EXERCISE PROMPT: In the data below, restate exactly the lines from the one with "Predám Mercedes-Benz 2L benzin - 9" to the final line, both included, but not the pictures.

[Stored data]
◆ ◆ ◆ ◆

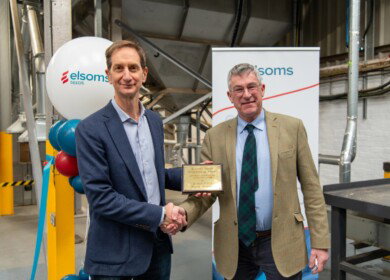 Elsoms expands processing capacity with £1.7m facility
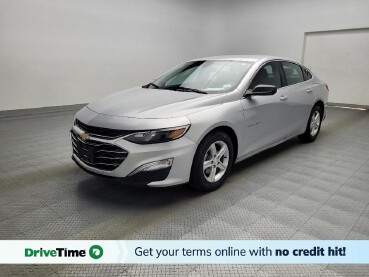 2020 Chevrolet Malibu in Lewisville, TX 75067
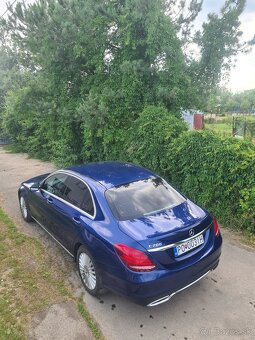 Predám Mercedes-Benz 2L benzin - 9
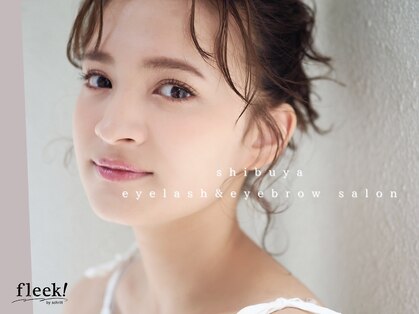 フリーク バイ シュリット 渋谷(fleek! by schritt)の写真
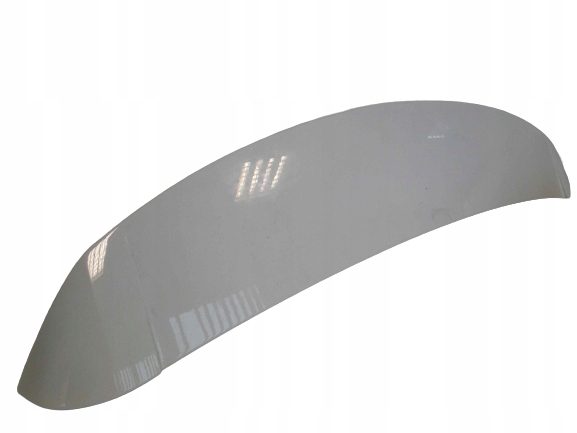 фото №1, Mercedes glk x204 204 lift спойлер кришки задній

◆ ◆ ◆ ◆

RESPONSE AREA:
 Predám Mercedes-Benz 2L benzin - 9
 フリーク バイ シュリット 渋谷(fleek! by schritt)の写真
 фото №1, Mercedes glk x204 204 lift спойлер кришки задній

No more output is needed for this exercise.